Chambre 1- section A, 13 décembre 2024 — 23/00725

Désigne un expert ou un autre technicien Cour de cassation — Chambre 1- section A

Texte intégral

TRIBUNAL JUDICIAIRE D’ORLEANS

ORDONNANCE DE RÉFÉRÉ DU 13 Décembre 2024

N° RG 23/00725 - N° Portalis DBYV-W-B7H-GPG3

Numéro de minute : 24/502

DEMANDEURS :

Madame [T] [N] épouse [C] née le 07 Juin 1957 à [Localité 7] (YVELINES) Profession : Retraitée de nationalité Française, demeurant [Adresse 2] représentée par Maître Christophe PESME de la SCP GUILLAUMA - PESME - JENVRIN, avocats au barreau d’ORLEANS

Monsieur [F] [C] né le 28 Mai 1953 à [Localité 9] (VAL-DE-MARNE) Profession : Retraité, demeurant [Adresse 2] représenté par Maître Marie-sophie JENVRIN de la SCP GUILLAUMA - PESME - JENVRIN, avocats au barreau d’ORLEANS

ET :

DEFENDEURS :

S.A.R.L. [X] [M] immatriculé au RCS ORLEANS 527 926 554, dont le siège social est sis [Adresse 1] représentée par Me Dominique BROSSAS, avocat au barreau d’ORLEANS

S.E.L.A.R.L. [K] FLOREK prise en la personne de Maître [O] [K], es-qualité de mandataire judiciaire de la société [X] [M] (RCS ORLEANS 527 926 554), dont le siège social est sis [Adresse 5] non comparante ni représentée

Monsieur [X] [M] de nationalité Française, demeurant [Adresse 1] non comparante ni représentée

Les débats ont eu lieu à l’audience publique des référés du 15 Novembre 2024 tenue par Sébastien TICHIT, juge, assisté de Olivier GALLON, greffier,

Puis, monsieur le juge a mis l’affaire en délibéré et dit que l’ordonnance serait prononcée le TREIZE DECEMBRE DEUX MIL VINGT QUATRE par mise à disposition au greffe de la juridiction.

Copies conformes le : à : expertises (X2), régie, Me Pesme, Me Brossas

EXPOSE DU LITIGE

M. [F] [C] et Mme [H] [N] épouse [C] sont propriétaires d’une maison d’habitation située [Adresse 2] à [Localité 8].

Suivant devis signé du 23 novembre 2021, M. [F] [C] et Mme [H] [N] épouse [C] ont confié des travaux d’aménagement de leur salle de bain à la société [X] [M] pour un montant de 15 611.75 euros.

Se plaignant de nombreux désordres et des travaux non terminés, M. et Mme [C] ont, par acte du 25 septembre 2023, fait assigner devant le juge des référés du tribunal judiciaire d’Orléans la société [X] [M] aux fins d’expertise et de réserver les dépens.
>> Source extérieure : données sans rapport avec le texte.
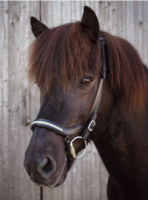 "Mysla" HILBAR anatomische neusriem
L’affaire a été enrôlée sous le numéro RG 23/725.

Suivant conclusions en date du 11 janvier 2024, la société [X] [M] demande au juge des référés de rejeter la demande d’expertise à titre principal, et à titre subsidiaire de juger que l’expert devra établir un compte entre les parties et en toute hypothèse de condamner les époux [C] aux dépens.

Suivant conclusions en date du 22 janvier 2024, les consorts [C] maintiennent leurs demandes.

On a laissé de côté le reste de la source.